The Army, its prolonged but timorous flirtation with the
conspirators so abruptly terminated, now immersed itself in the
demands of professionalism. Guderian moved OKH headquarters back from
Zossen to East Prussia, built up a new and personal staff, drew off
the reserves Schörner had been collecting on the southern front,
and set about repairing the breach in the centre. And then a second
miracle, as far-reaching, it seemed, as the salvation of the Führer,
occurred. At the very moment when the Western front was on the point
of giving way, the Russian advance slowed down. Soon it became
apparent from the manner in which quite small German units were
succeeding in holding their positions that the impetus of the Red
Army had died away, absorbed by one more
tranche
(the last
one) of conquered territory.
There now occurs one of the most tragic episodes of the whole
Eastern campaign, the rising of the Warsaw Poles and their desperate,
hopeless, two-and-a-half-month-long bat-tle in the city streets. The
Warsaw uprising has a place in the purely military history of the
campaign. But its great importance is political—both as an
illustration of the plight of the Polish nation, that strange,
gifted, and romantic peo-ple, doomed forever to be crushed between
the callous mon-oliths of Germany and Russia—and as an
incident of immense significance in the shaping of postwar Europe.
In its essence "the Polish problem" can be simply
stated, for time has not altered it. The state of Poland is Western
Europe's traditional buffer against Russia, but its security in this
role is perpetually threatened by the greed and cruelty of the German
landowners in Prussia and Pomerania. It has never been possible for
the Poles to make a political deal with either of their neighbours,
for each covets their territory and prefers to assimilate rather
than to protect it. But in 1939 a disinterested protector appeared.
The British Government guaranteed Polish integrity simply because
its violation seemed to be the next step in the process of German
expansion, and the British were ready to make it a
casus belli
.
The Poles thus became the stake in a power game at which both the
players were determined to call their opponent's bluff. For Hitler
was eager "to blood the German nation," and believed that
as the British were strategically incapable of implementing their
guarantee they would accept a
fait accompli
; the British, even
more fatalistic, thought that their guarantee would stop Hitler by
itself—and if it didn't, well, that meant that they would have
to fight him sometime, so why not then and "with honour"?
In the result the Poles fought with great gallantry to the
end—which was itself accelerated by a Russian invasion of their
eastern border under terms agreed between Molotov and Ribbentrop that
August. By the end of 1939 the Polish state had once again been
extinguished by the predatory giants on its borders, and the men of
the Polish Army who had not died in battle languished in prison
camps. The Russians made some attempts to "indoctrinate"

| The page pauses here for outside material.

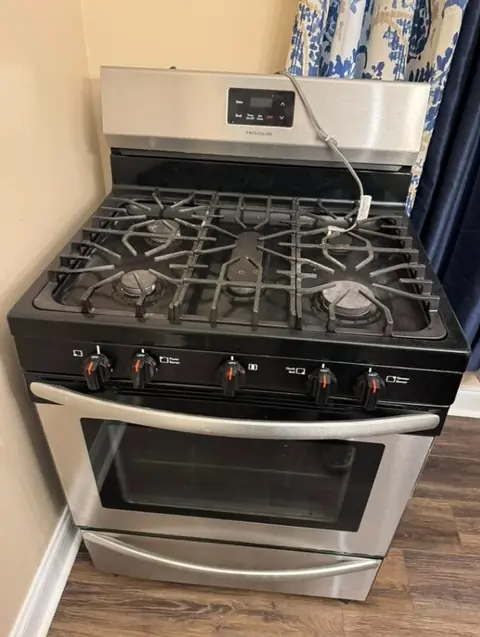 Gas kitchen range before appliance removal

those they had captured, but the officers proved intractable and were
moved to a camp in the Katyn forest, where, after a period, they were
all shot. The Germans never even bothered to start POW compounds—the
Poles were sent straight to concentration camps and liquidated. The
same differences are perceptible in the governments of the two
occupied halves of the country. The Russians made some effort to
assimilate the inhabitants into a Communist society; the Germans set
out, systematically, to exterminate the entire Polish population
and to substitute German immigrants.
But the seed of Polish nationhood, bred for centuries under
conditions such as these, has a Darwinian tenacity, and now,
scattered by default on the chilly soil in wartime Lon-don, it began
to flourish. London became the seat of the "Polish Government,"
the goal of
émigrés
and escapees, the focus of
all the energy and patriotism of this sad and gifted people.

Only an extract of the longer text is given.